The Electronic Entertainment Expo (E3) is an exclusive “industry-only” trade fair for the video game industry. Lots of game publishers use E3 as a platform to advertise and reveal upcoming titles and related merchandise. Publishers typically announce their schedule ahead of time with a list of confirmed games, but the entire expo is known for surprising audiences by confirming rumored games or announcing entirely new franchises. It’s the most important day for gamers who have disposable cash.
The only reason I was skipping Game of Thrones to watch E3 was because Bethesda was holding their first ever conference, announcing titles such as Doom, Battle Cry, Dishonored 2, and Fallout 4. As a huge fan who’d been waiting seven years for a sequel to Fallout 3, I wasn’t going to miss a chance to see the game introduced in real time. Not that the presentation is that exciting. Either the producer or designer of the game will pace around a stage with a few screens and talk about the game. It only feels riveting after the sales pitches end and the demo begins. This can span from a few minutes of scripted game play (which is usually never indicative of the actual game) to a new trailer.
Initially, I wasn’t too invested in the stream. I was only here for one game, and I knew Bethesda would announce it last. I’d heard of Doom but never had any interest, and felt the same about Battle Cry. It was only after I saw the trailer for Dishonored 2 that I realized how monumental it was. Dishonored 2 is the sequel to its successful predecessor, a stealth action-adventure game released in 2012. The trailer itself was beautiful, with stunning graphics that managed to shine despite the awful quality of the stream. But the trailer wasn’t what impressed me.

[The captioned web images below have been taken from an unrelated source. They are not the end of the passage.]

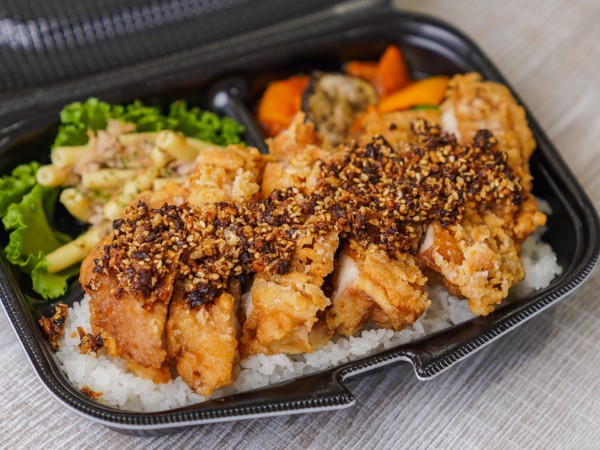 一枚揚げ鶏の胡麻ガーリック醤油弁当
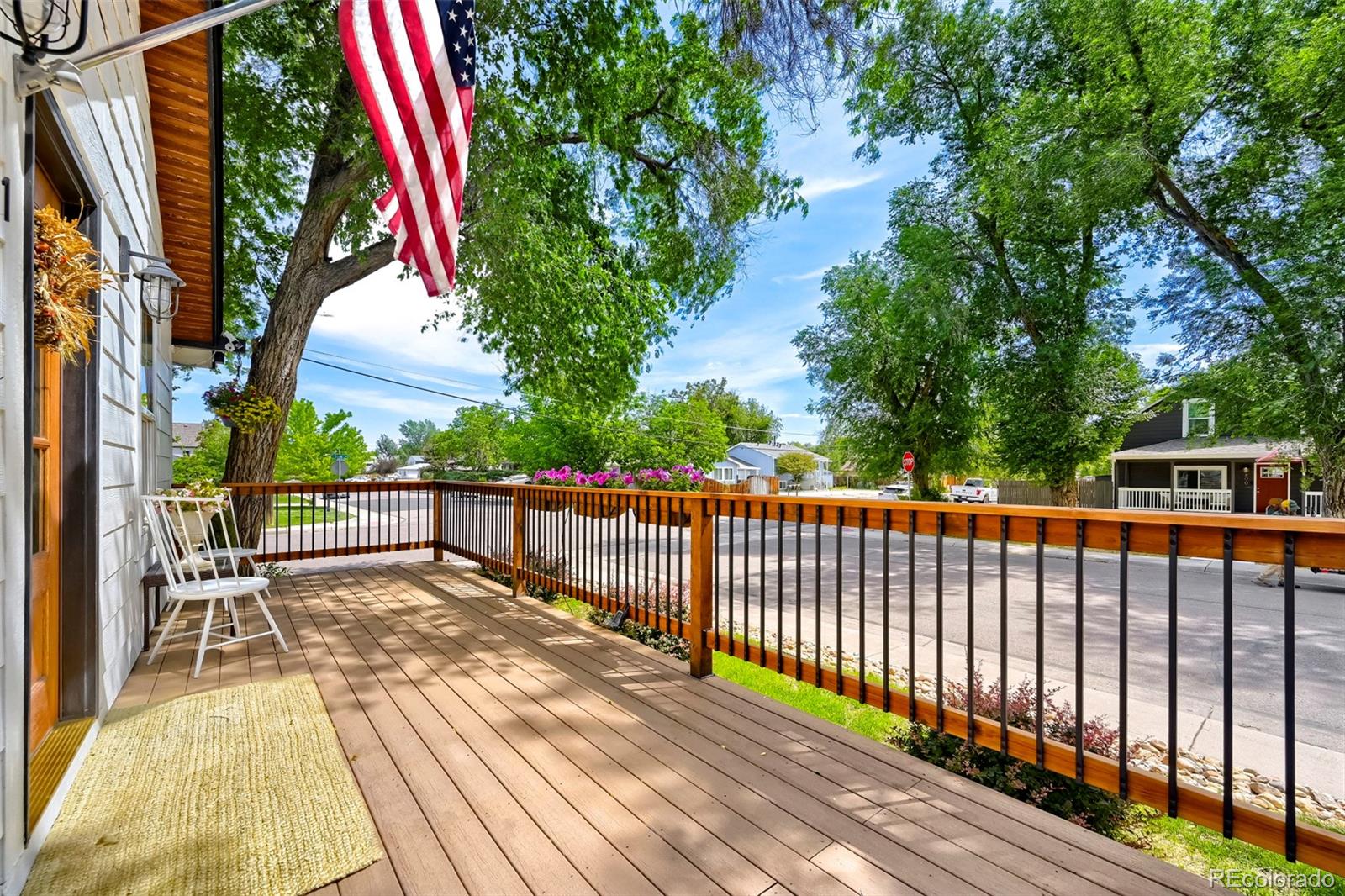 MLS Image #6 for 801 s krameria street,denver, Colorado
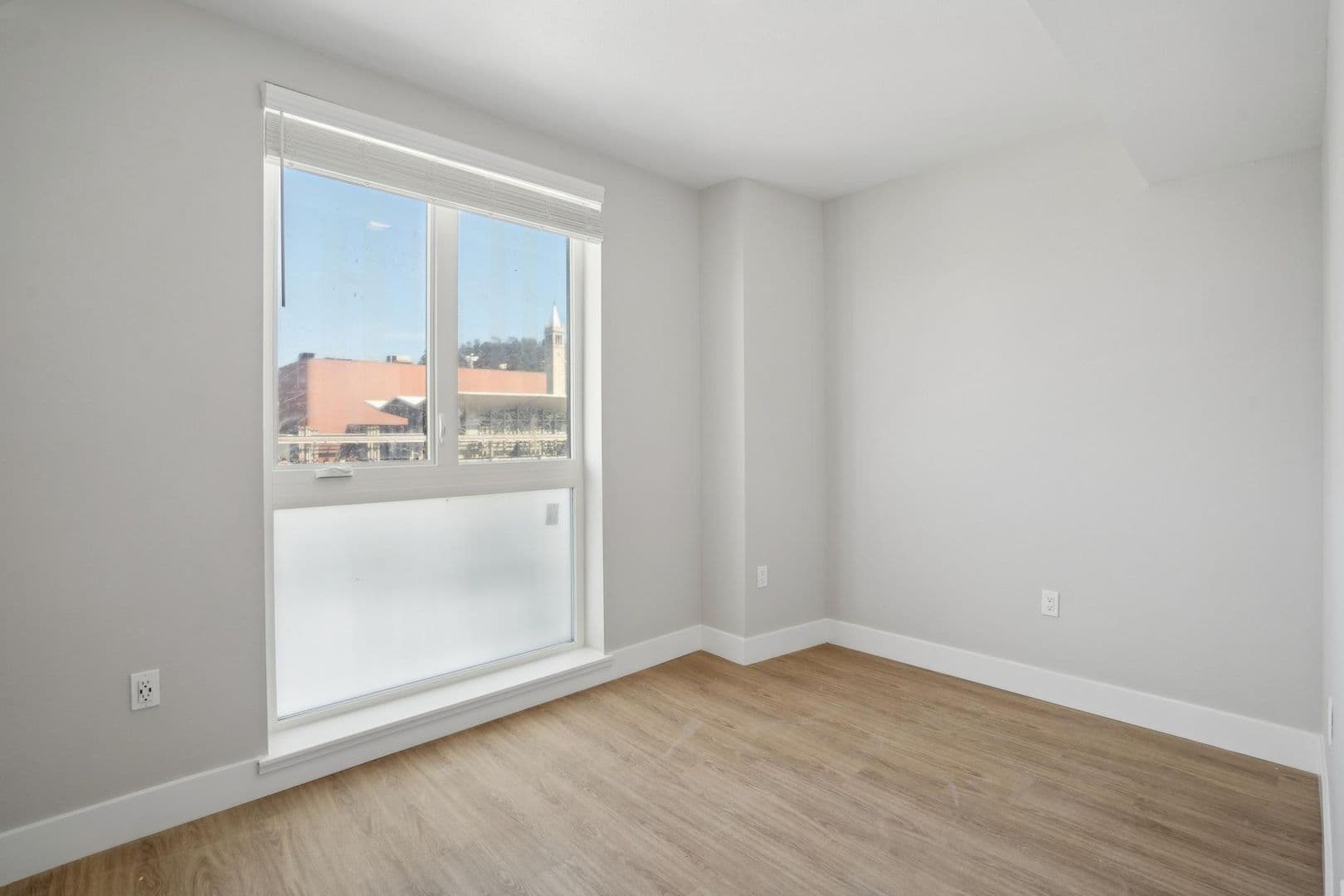 Berkeley Apartment: 2480 Bancroft Way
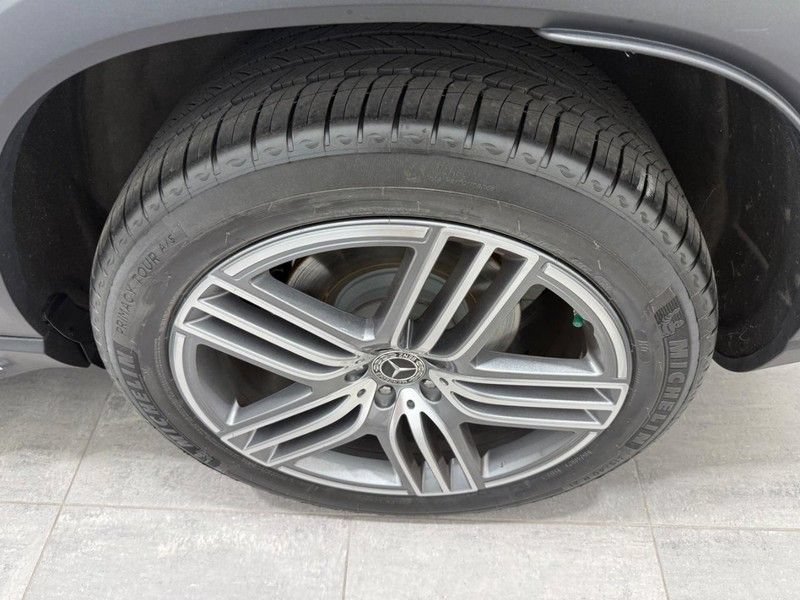 Certified 2024 Mercedes-Benz GLS 450 4MATIC image 5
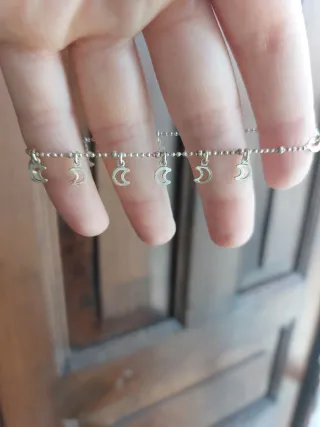 Pulsera de plata con lunitas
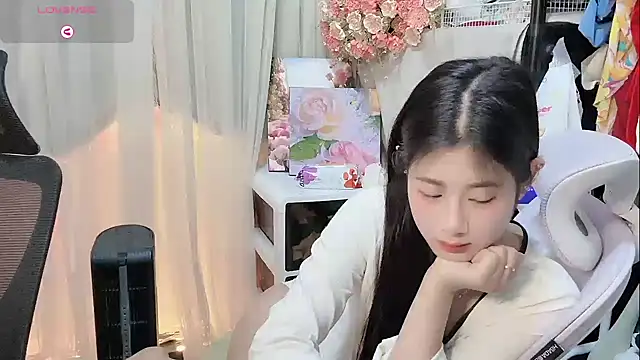 Yvonne-07 online show from 03.16.26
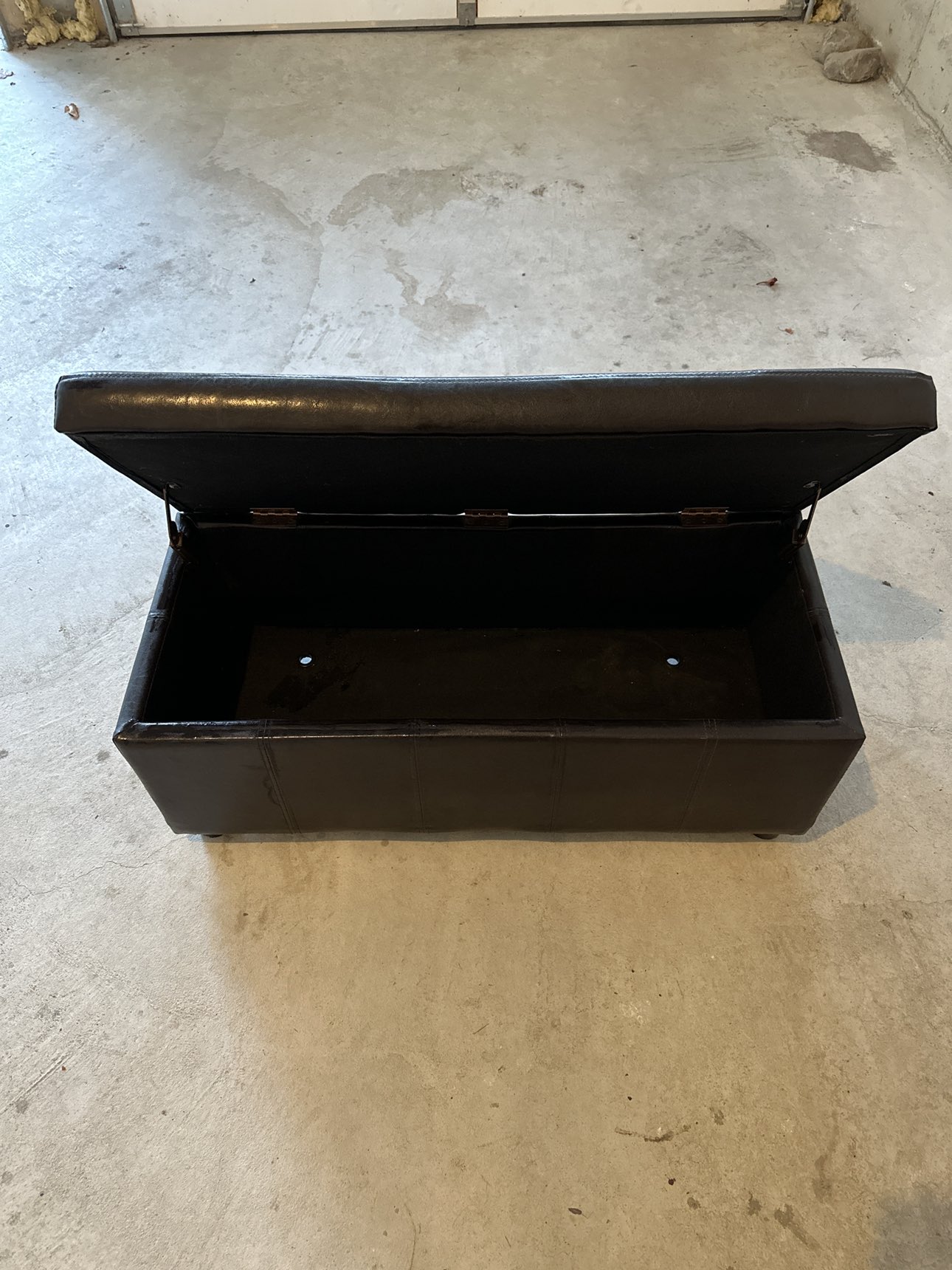 Bench - photo 3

The trailer featured an optional female protagonist. I can’t describe how important that is. Marketing the fact that you can play as a female protagonist just doesn’t happen in the industry. The female protagonist is always second. She’s never the default. Dishonored 2 can feature the male protagonist Corvo too, but he’s not mentioned until after the trailer is finished. I was shocked. When the masked assassin revealed herself to be Emily Kaldwin, I gasped. “It’s a girl!” The trailer for Fallout 4 briefly mentioned the female character you can play as, but the rest of the video featured the male vault dweller.
The reaction of other gamers and me to having a female character marketed in the trailer was passionate, which shows how starved we are for that kind of content. I hope to see more women pop up in more trailers this week. I advise that the rest of the industry take notes on what Bethesda did (I’m looking at you, Ubisoft).